Alquerque, also known as Qirkat, by its Arabic name, is an ancient game with unclear origin. Most surviving examples are from the medieval period. The oldest building that has Alquerque carved into its stone floor is the Church of the Condemnation in Jerusalem, Israel. The stones on which it is carved are from the 2nd century CE and were originally used by the Romans as street pavement, and then later incorporated into the church’s floor. However, the date of the carving itself is not clear. According to the sign in the Church of the Condemnation itself the carving dates to the Roman period, the same as the stones. However, most historians think that the carving was really made during the medieval period by a crusader from Europe, more specifically from Spain or France, where most believe the game originated.
Alquerque in the Church of the Condemnation, Jerusalem, Israel. Carved pavement stones are from the Roman period, 2nd century CE, incorporated into the building of the church, built in 1903-1904, on the ruins of an older 13th century church. Photo: Katelyn Doran, July 6, 2012.
The rules for Alquerque were preserved for us in a medieval book commissioned by the king of Castile, Galicia and León, Alfonso X, in Toledo, Spain, in 1283, called Libro De Los Juegos, the Book of Games. Due to its similarity with checkers or draughts and Fanorona from Madagaskar, it is considered to be a parent of all of those games.
Posted sign near the Alquerque game in the Church of the Condemnation, Jerusalem, Israel. Photo: Katelyn Doran, July 6, 2012
- The game is for two players.
- The board consists of a grid of 5×5 cells connected to each other with vertical, horizontal and diagonal lines.

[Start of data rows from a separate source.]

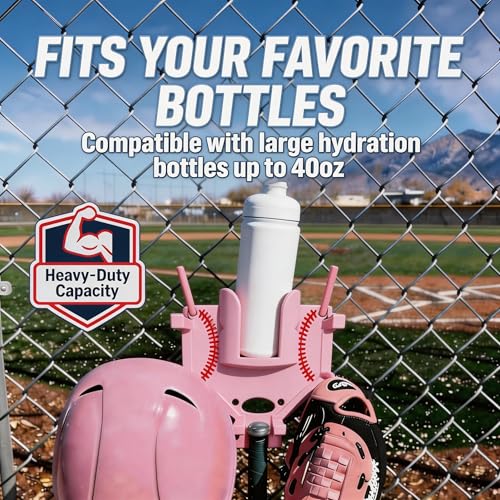 Baseball Softball Dugout Organizer - Fence-Mounted Hanging Holder for Bat Glove Helmet & Water Bottles - with Secure Clips - Heavy-Duty PLA 3D Print, Keeps Dugout Neat & Accessible - color: Black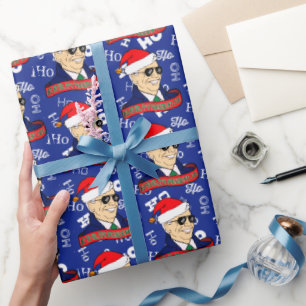 Funny Blue Ho's President Joe Biden Kerstmis Cadeaupapier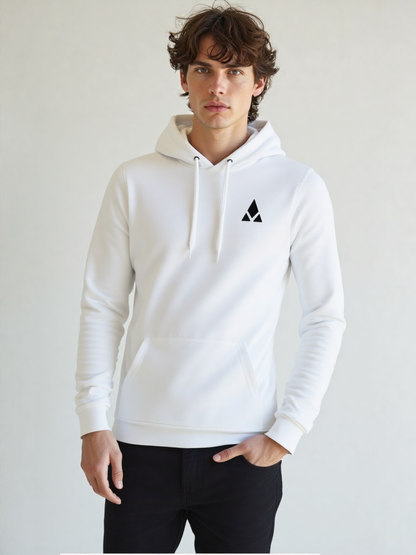 Sudadera blanca con capucha y logo bordado hombre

- The game begins with each player having 12 pieces, one side black and the other white.
- Each player places their 12 pieces in the two rows closest to them and in the two rightmost spaces in the center row. The center cell is left empty.
Alquerque board at starting position
- The players decide who goes first by a toss of a coin. It is not an advantage to go first, since the first piece to move automatically gets captured.
- A piece can move from its point to any empty adjacent point that is connected by a line.
- A piece can jump over an opposing piece and remove it from the game, if that opposing piece is adjacent and the point beyond it is empty.
- Multiple capturing jumps are permitted, and also obligatory if such a sequence of moves is possible. If a few different capturing jumps are possible, then the player must chose the sequence of jumps that would eliminate the most pieces of the opponent.
- Changing direction after every capture in a series of captures is permitted.
- If a capture is possible it must be made. If the player forgets to capture the opponent’s piece and the opponent notices that they forgot, then the opponent gets to remove the first player’s piece that did not make the capture. Such a rule is called huffing. If a player could have captured multiple pieces of the opponent, but only noticed some of them, and not all, then the opponent gets to huff the player’s piece, as well.
- The goal of the game is to eliminate all of the opponent’s pieces. The game is won when the opponent has lost all of their pieces.
- If the player blocked some of the opponent’s pieces in such a way that they cannot move and cannot be eliminated, the game ends in a tie.
- Alquerque is a game of pure strategy without any luck component, since there is no dice of any kind.
- The player must try to capture the opponent’s pieces, while protecting their own pieces from capture at the same time, by filling the space behind them with another piece.
- Towards the end of the game, the player must try to prevent the opponent from cornering their last pieces.
- The player should always try to setup their pieces in a such a way that they can capture as many of opponent’s pieces as possible in a single move.
Alquerque carved on a stone in Ermita de la Purísima Concepción (Hermitage of the Immaculate Conception), a 12th century church, in San Vicentejo, Burgos, Spain – Photo: Pedro Novella, July 10, 2011
- Bell, R. C. Board and Table Games from Many Civilizations. Courier Corporation, 2012.
- Botermans, Jack. The book of games: strategy, tactics & history. Sterling Publishing Company, 2008.
- Van Der Stoep, Arie. “Early Spanish Board Games.” Board Game Studies 5, no. 2002 (2002): 111-118.
- Westerveld, Govert. The History of Alquerque-12. Spain and France. Volume I. Lulu. com, 2013.
- Westerveld, Govert. The History of Alquerque-12. Remaining countries. Volume II. Lulu. com, 2015.